Prison de Tarascon : un accès aux parloirs encore plus restreint qu’ailleurs
« Les détenus auront le droit à un parloir tous les quinze jours. » C’est l’une des premières phrases, débitée par une voix automatique, que les proches entendaient entre le 11 mai et le 8 juin lorsqu’ils appelaient le centre de réservation des parloirs de Tarascon. Une disposition illégale, qui portait une atteinte disproportionnée au maintien de liens familiaux déjà mis à mal par deux mois de confinement.
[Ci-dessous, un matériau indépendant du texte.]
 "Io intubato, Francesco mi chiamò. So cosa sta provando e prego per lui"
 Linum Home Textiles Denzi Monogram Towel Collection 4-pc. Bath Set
Les conditions de reprise des parloirs ont en effet été encadrées très précisément par la note de la Direction de l’administration pénitentiaire émise le 6 mai. Cette dernière indiquait que « pendant la première phase du déconfinement […] chaque détenu ne pourra bénéficier que d’un seul parloir par semaine ». Une nouvelle note de la DAP émise le 2 juin est venue quant à elle alléger ce principe, en permettant aux chefs d’établissement d’organiser plus d’un parloir s’ils le souhaitaient. Si ces modalités pouvaient donc être adaptées – suspendues ou au contraire élargies – en fonction de l’évolution de l’épidémie, rien ne justifiait que le centre de détention de Tarascon, situé en zone verte depuis le début du déconfinement, ait restreint encore davantage l’accès aux parloirs. Censées être « proportionnées et adaptées aux circonstances locales », ces dispositions devaient de plus, toujours selon la note du 6 mai, être « expliquées aux personnes détenues et à leurs familles, et soumises au contrôle des directions inter-régionales ». Des consignes manifestement ignorées par la prison de Tarascon : « J’ai appelé jeudi 4 juin le centre de détention pour tenter d’avoir un parloir cette semaine : on m’a dit que c’était impossible, que c’était un tous les quinze jours », explique Maria dont le compagnon y est incarcéré. Sans qu’aucune explication ne soit donnée sur cette limitation. Joint le 5 juin par téléphone, le centre pénitentiaire confirmait que la durée des parloirs n’avait pas été rallongée pour compenser : ils ne durent qu’une heure. Maria s’interroge : « Ils ont le droit de faire ça ? »
Manifestement, non. La disposition étant contraire à la note du 6 mai et à celle du 2 juin – et violant de surcroît le droit au respect de la vie privée et familiale tel que garanti par l’article 8 de la Convention européenne des droits de l’homme –, la direction interrégionale, saisie par l’OIP, a assuré que les parloirs allaient désormais être possibles chaque semaine, comme cela aurait dû être le cas dès le 11 mai.


(1) Cette nouvelle note autorise cependant le visiteur à être accompagné d’un mineur de moins de 16 ans. En revanche, la durée des parloirs est toujours limitée à 1h.